### WHAT THE TASK ASKS
Give back all of the data exactly as it stands, with the pictures removed.

### INPUT DATA
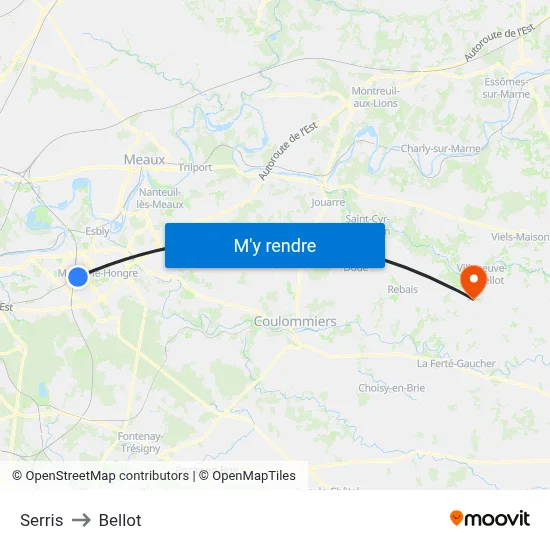 Serris to Bellot map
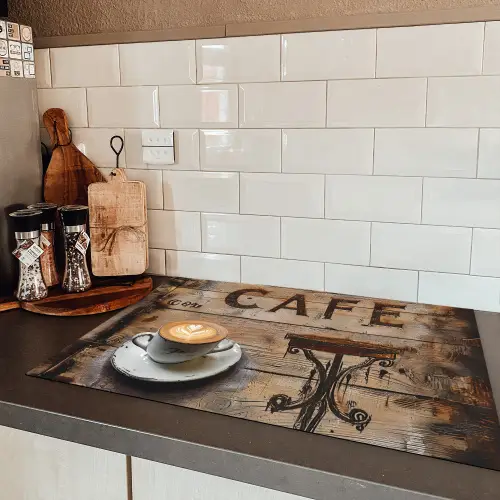 Artistiek Koffie Moment Inductie beschermer vinyl 3mm klein -sfeer3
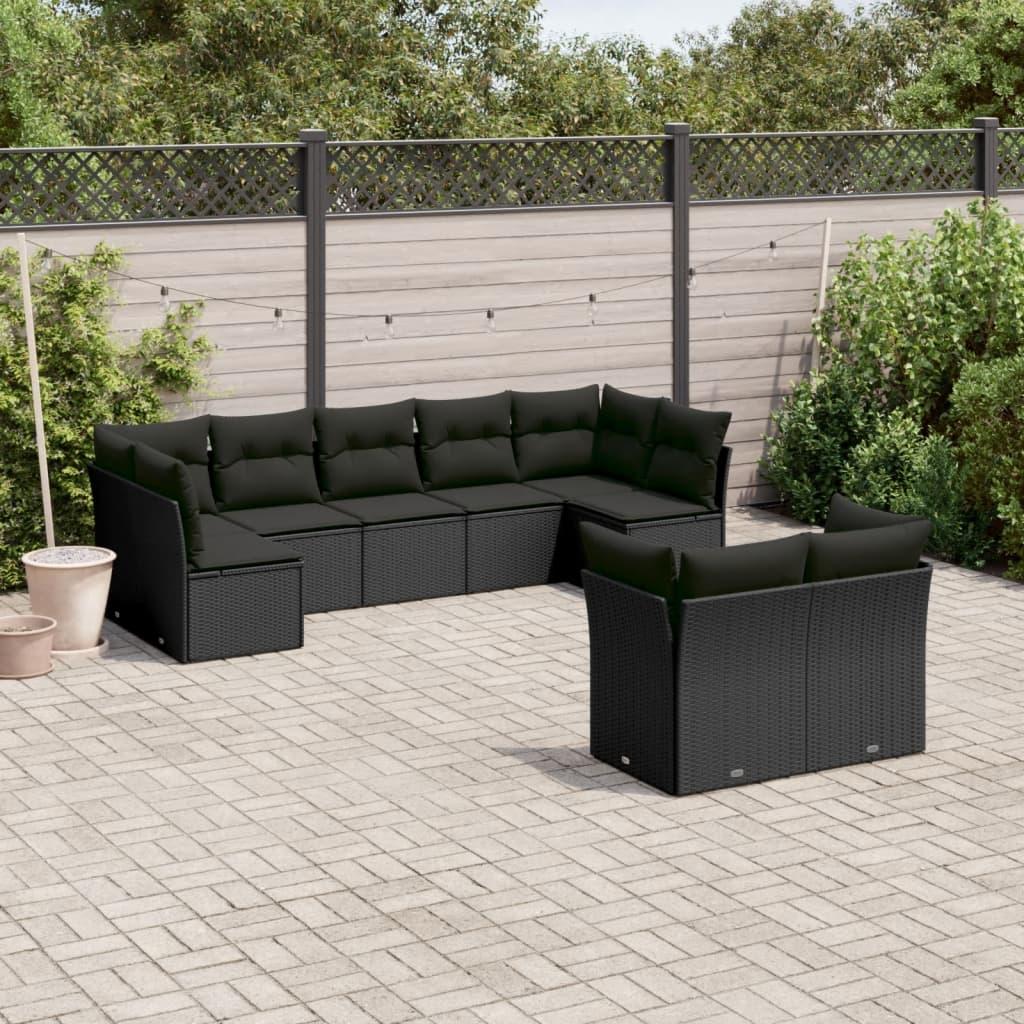 9 Piece Garden Sofa Set with Cushions Black Poly Rattan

### TASK ANSWER
 Serris to Bellot map
 Artistiek Koffie Moment Inductie beschermer vinyl 3mm klein -sfeer3
 9 Piece Garden Sofa Set with Cushions Black Poly Rattan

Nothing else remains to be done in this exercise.